THE Birmingham Mail can be proud of its campaign to win justice for little Cerys Edwards – the toddler left paralysed and brain damaged after being hit by a rogue motorist in Sutton Coldfield.

News that the road hog who almost killed her, Antonio Singh Boparan, served just six months in prison sparked a tsunami of public anger, and this newspaper was at the forefront of demands for a change in the law.

Justice Secretary Jack Straw has finally responded by pledging to increase the maximum sentence for dangerous driving from two years to five after the next general election.

I’m delighted that Cerys’ suffering has not been in vain – but I’m sure the editor will forgive me if I’m not ready to pop open the Champagne corks just yet.

For one thing, just because a sentence is available to judges, it doesn’t mean they’ll automatically use it.

Two years ago, for example, the Government declared that the maximum jail term for carrying a knife or offensive weapon in public would be doubled to four years.

So how many of the 50,000 criminals convicted of the offence since then have been sent down for the full term?

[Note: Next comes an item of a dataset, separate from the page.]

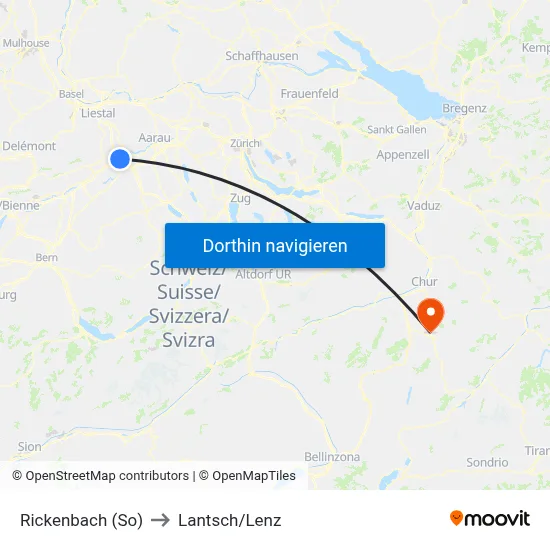 Rickenbach (So) to Lantsch/Lenz map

Er, just six.

But, hey, that’s New Labour for you – soft on crime, soft on the causes of crime, but never short of a headline-grabbing stunt.

Let’s not forget that in Cerys’ case, Boparan didn’t even receive the full two-year sentence that was available to the judge.

He was sent down for just 21 months, before parole and time spent in custody were taken into account – and that’s despite driving on the wrong side of the road at more than twice the speed limit in a 30mph zone.

Whatever the political rhetoric, the truth is that guidelines are issued to our supposedly independent judiciary discouraging them from passing long jail sentences, because there simply aren’t enough cells to hold them all.

The answer may be to build more prisons or, alternatively, become more selective with those we choose to lock up – but it can never be to compromise on stiff penalties for the most serious offenders.

They must be punished with a long stretch inside.

That’s the least we owe to Cerys Edwards and thousands more like her, who have become innocent victims of crime.